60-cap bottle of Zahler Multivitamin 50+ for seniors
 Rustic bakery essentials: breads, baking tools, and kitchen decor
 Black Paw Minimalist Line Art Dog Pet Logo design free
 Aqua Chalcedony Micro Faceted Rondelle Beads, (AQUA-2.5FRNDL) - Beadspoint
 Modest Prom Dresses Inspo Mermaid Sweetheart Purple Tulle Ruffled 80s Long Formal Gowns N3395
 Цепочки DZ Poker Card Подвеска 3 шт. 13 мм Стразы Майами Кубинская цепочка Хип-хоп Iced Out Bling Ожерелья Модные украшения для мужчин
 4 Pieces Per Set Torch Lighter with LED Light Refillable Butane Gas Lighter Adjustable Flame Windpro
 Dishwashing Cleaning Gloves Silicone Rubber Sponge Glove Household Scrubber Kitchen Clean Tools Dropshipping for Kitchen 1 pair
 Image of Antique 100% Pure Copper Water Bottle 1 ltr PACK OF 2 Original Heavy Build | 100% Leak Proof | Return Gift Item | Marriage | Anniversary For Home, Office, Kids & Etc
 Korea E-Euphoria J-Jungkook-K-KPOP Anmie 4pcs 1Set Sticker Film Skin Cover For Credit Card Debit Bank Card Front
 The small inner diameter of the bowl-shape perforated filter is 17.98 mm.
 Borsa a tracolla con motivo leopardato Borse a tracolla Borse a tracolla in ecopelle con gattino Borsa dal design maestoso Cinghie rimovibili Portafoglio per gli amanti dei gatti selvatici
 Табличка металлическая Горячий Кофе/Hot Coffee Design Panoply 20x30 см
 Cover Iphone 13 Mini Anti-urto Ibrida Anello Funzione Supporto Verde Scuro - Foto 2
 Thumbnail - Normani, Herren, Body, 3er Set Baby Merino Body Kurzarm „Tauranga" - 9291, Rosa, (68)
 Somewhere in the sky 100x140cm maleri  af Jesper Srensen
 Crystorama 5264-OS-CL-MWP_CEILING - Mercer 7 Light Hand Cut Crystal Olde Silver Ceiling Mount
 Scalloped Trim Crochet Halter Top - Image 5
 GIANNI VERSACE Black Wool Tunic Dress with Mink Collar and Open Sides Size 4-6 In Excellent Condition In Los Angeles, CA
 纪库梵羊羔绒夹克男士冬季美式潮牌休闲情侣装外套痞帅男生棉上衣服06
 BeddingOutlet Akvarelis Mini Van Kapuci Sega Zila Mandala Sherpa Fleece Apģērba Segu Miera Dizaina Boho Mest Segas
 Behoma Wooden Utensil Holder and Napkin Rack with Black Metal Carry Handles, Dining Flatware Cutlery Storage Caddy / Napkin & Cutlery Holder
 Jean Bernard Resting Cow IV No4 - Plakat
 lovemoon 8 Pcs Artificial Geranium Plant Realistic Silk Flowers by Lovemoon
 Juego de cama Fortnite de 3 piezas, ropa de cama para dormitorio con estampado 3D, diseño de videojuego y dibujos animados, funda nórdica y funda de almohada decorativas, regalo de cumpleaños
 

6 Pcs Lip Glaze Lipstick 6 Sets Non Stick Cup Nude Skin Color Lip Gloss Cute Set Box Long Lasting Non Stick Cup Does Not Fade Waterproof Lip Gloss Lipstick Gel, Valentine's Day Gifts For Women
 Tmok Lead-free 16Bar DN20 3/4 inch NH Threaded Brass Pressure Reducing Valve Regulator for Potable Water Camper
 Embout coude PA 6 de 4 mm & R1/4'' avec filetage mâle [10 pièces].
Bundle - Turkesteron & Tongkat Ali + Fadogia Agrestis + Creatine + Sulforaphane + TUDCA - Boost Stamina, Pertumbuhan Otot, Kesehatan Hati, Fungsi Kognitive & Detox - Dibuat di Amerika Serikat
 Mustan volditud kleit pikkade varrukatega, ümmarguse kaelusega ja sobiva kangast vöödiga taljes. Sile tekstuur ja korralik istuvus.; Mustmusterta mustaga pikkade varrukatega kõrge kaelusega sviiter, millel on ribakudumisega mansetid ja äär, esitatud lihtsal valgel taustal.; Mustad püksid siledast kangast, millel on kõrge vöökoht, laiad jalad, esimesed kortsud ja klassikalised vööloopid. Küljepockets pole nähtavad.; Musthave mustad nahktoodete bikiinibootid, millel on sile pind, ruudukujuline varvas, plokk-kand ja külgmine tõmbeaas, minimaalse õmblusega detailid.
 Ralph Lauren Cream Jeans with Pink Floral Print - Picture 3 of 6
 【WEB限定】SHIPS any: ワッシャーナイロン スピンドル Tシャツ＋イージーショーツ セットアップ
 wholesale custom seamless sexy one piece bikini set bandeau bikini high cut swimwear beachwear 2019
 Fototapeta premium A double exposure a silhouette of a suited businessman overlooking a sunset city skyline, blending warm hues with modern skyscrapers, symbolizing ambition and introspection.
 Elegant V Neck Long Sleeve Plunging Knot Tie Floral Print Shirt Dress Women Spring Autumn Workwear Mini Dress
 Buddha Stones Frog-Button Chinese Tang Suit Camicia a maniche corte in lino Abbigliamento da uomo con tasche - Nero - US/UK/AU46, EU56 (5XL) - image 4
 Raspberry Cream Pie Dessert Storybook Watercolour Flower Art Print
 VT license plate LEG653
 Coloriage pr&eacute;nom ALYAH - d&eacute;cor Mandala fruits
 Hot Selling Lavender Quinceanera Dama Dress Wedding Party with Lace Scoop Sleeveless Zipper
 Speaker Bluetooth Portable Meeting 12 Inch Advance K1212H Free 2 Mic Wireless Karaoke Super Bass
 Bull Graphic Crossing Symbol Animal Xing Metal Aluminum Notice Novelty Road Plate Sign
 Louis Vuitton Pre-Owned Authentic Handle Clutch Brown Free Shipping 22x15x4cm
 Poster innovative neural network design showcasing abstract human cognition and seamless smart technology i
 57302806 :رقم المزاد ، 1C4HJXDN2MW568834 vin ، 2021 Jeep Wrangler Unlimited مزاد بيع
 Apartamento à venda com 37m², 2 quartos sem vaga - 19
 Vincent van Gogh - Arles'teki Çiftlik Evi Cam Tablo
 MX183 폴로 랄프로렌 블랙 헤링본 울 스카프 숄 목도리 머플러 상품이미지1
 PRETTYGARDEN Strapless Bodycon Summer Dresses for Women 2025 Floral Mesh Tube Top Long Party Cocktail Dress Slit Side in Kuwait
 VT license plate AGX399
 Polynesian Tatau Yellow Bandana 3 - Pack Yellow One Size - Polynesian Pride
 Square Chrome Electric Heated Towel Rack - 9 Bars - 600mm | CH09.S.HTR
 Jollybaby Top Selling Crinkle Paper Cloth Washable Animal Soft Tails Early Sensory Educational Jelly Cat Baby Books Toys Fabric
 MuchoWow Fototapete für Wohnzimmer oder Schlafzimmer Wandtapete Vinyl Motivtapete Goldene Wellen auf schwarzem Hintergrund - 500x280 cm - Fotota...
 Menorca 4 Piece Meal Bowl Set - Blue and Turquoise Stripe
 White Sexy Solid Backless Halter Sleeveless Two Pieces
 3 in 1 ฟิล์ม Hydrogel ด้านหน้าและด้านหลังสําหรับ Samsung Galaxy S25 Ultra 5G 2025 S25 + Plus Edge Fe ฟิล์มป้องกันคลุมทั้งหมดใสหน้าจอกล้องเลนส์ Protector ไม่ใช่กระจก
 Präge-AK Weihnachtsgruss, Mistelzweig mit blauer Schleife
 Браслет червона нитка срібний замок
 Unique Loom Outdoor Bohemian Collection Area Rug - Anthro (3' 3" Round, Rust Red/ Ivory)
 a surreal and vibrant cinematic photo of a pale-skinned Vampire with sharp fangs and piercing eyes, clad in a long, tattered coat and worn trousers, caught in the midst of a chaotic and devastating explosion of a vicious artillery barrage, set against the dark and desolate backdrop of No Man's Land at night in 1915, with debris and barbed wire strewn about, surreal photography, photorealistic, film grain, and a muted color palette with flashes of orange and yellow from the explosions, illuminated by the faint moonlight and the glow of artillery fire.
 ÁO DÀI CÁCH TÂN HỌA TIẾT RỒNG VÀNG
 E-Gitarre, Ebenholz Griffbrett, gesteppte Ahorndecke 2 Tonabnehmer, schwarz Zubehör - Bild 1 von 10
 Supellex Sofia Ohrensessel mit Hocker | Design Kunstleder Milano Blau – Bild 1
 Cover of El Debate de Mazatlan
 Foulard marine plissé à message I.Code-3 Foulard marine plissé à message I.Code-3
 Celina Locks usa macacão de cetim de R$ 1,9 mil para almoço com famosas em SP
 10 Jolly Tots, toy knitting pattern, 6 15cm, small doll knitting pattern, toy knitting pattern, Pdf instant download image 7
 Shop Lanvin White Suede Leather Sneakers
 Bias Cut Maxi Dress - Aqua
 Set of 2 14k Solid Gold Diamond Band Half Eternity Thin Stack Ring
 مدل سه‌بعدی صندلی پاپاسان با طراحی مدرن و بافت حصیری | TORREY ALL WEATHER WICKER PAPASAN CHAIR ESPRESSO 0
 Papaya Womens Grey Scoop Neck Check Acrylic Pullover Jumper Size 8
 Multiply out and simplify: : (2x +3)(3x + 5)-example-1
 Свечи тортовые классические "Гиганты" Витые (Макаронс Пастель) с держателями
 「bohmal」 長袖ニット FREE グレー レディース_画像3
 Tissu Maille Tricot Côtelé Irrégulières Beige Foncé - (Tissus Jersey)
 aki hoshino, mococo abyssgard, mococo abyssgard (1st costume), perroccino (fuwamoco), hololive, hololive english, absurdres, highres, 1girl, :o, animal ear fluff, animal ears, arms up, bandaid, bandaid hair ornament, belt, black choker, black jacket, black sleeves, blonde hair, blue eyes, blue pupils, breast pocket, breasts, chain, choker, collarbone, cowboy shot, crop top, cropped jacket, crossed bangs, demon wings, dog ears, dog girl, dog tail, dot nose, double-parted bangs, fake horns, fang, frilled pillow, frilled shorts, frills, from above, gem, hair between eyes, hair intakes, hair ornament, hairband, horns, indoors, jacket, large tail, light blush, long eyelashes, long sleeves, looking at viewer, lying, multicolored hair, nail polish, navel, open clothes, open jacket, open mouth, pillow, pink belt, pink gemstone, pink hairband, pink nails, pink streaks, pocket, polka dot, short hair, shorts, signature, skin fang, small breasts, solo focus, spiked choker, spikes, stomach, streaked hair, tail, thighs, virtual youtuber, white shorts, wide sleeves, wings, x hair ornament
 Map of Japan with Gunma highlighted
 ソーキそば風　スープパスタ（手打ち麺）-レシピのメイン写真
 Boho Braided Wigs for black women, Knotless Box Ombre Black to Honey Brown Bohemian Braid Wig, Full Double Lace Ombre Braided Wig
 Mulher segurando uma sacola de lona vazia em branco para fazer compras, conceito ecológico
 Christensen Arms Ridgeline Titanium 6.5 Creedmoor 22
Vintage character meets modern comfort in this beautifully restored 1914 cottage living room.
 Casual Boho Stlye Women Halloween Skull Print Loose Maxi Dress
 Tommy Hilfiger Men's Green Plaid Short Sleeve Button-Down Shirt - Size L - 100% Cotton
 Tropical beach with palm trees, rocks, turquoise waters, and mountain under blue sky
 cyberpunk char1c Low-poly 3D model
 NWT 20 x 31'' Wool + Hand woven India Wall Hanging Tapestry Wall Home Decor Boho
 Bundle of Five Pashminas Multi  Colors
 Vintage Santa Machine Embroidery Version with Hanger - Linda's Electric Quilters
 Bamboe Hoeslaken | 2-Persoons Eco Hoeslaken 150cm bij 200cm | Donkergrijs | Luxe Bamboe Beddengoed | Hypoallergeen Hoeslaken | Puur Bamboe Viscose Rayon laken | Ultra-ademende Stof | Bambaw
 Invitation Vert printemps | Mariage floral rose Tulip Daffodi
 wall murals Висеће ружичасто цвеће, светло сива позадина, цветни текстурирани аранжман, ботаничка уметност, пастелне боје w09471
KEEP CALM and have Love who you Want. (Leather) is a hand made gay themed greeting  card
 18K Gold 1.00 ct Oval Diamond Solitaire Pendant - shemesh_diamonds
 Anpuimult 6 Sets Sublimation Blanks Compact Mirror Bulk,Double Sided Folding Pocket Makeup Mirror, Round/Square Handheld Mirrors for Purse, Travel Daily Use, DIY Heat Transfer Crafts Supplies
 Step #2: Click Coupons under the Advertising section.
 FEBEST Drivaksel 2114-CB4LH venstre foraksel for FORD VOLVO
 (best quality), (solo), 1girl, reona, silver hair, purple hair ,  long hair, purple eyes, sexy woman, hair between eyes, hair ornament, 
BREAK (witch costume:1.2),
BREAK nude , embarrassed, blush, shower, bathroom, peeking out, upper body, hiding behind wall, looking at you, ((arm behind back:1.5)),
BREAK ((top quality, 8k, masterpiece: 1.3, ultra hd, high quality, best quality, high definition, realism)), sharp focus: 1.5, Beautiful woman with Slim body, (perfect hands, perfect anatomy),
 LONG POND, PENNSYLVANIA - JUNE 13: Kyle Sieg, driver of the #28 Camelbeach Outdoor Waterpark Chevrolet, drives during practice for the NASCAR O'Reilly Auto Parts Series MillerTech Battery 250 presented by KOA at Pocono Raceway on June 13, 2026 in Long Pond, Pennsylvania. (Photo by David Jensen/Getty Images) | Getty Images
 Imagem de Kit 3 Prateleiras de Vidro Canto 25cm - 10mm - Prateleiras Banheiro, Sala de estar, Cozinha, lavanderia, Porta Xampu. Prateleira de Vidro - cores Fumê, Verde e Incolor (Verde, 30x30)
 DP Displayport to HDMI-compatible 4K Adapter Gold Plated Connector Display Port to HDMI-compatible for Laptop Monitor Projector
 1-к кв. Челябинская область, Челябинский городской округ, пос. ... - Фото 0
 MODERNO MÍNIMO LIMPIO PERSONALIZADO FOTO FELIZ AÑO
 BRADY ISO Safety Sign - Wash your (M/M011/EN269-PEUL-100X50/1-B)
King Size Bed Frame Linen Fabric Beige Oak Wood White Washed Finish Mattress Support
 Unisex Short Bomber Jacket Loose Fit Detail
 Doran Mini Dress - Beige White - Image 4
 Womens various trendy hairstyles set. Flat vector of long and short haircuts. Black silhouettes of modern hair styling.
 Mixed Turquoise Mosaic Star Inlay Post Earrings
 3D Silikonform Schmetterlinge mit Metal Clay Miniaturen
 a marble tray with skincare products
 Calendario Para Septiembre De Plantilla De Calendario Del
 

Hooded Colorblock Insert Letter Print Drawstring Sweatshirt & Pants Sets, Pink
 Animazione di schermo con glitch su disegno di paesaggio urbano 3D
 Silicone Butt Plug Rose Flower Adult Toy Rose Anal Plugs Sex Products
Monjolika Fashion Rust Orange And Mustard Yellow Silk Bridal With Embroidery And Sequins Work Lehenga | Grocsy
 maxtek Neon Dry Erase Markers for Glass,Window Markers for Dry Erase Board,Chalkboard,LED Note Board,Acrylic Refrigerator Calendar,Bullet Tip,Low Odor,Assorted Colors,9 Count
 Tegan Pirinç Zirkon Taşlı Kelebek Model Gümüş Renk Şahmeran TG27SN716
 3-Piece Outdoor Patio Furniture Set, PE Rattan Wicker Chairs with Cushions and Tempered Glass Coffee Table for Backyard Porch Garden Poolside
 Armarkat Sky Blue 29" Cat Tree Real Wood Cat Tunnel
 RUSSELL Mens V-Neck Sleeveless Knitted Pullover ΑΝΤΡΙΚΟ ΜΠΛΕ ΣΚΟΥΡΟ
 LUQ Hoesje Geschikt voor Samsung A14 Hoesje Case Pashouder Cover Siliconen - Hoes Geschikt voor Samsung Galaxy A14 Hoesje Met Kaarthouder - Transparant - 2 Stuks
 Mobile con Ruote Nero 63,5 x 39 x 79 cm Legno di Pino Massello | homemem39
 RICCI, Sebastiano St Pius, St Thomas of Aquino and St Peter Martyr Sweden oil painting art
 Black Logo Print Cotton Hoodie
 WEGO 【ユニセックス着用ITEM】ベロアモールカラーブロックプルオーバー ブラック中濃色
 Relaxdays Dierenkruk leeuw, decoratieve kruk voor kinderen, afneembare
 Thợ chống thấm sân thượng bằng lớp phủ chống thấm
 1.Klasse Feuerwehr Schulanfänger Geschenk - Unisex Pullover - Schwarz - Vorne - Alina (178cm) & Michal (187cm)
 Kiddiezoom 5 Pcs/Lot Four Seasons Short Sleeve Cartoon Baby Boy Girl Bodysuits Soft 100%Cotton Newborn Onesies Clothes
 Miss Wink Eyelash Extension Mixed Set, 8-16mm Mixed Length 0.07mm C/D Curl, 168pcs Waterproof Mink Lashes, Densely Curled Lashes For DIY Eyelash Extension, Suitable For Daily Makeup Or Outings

WORK INSTRUCTIONS
Copy out the entries above exactly as given, starting at the top and ending with the line containing "The small inner"; include both and nothing more.

EXERCISE OUTPUT
60-cap bottle of Zahler Multivitamin 50+ for seniors
 Rustic bakery essentials: breads, baking tools, and kitchen decor
 Black Paw Minimalist Line Art Dog Pet Logo design free
 Aqua Chalcedony Micro Faceted Rondelle Beads, (AQUA-2.5FRNDL) - Beadspoint
 Modest Prom Dresses Inspo Mermaid Sweetheart Purple Tulle Ruffled 80s Long Formal Gowns N3395
 Цепочки DZ Poker Card Подвеска 3 шт. 13 мм Стразы Майами Кубинская цепочка Хип-хоп Iced Out Bling Ожерелья Модные украшения для мужчин
 4 Pieces Per Set Torch Lighter with LED Light Refillable Butane Gas Lighter Adjustable Flame Windpro
 Dishwashing Cleaning Gloves Silicone Rubber Sponge Glove Household Scrubber Kitchen Clean Tools Dropshipping for Kitchen 1 pair
 Image of Antique 100% Pure Copper Water Bottle 1 ltr PACK OF 2 Original Heavy Build | 100% Leak Proof | Return Gift Item | Marriage | Anniversary For Home, Office, Kids & Etc
 Korea E-Euphoria J-Jungkook-K-KPOP Anmie 4pcs 1Set Sticker Film Skin Cover For Credit Card Debit Bank Card Front
 The small inner diameter of the bowl-shape perforated filter is 17.98 mm.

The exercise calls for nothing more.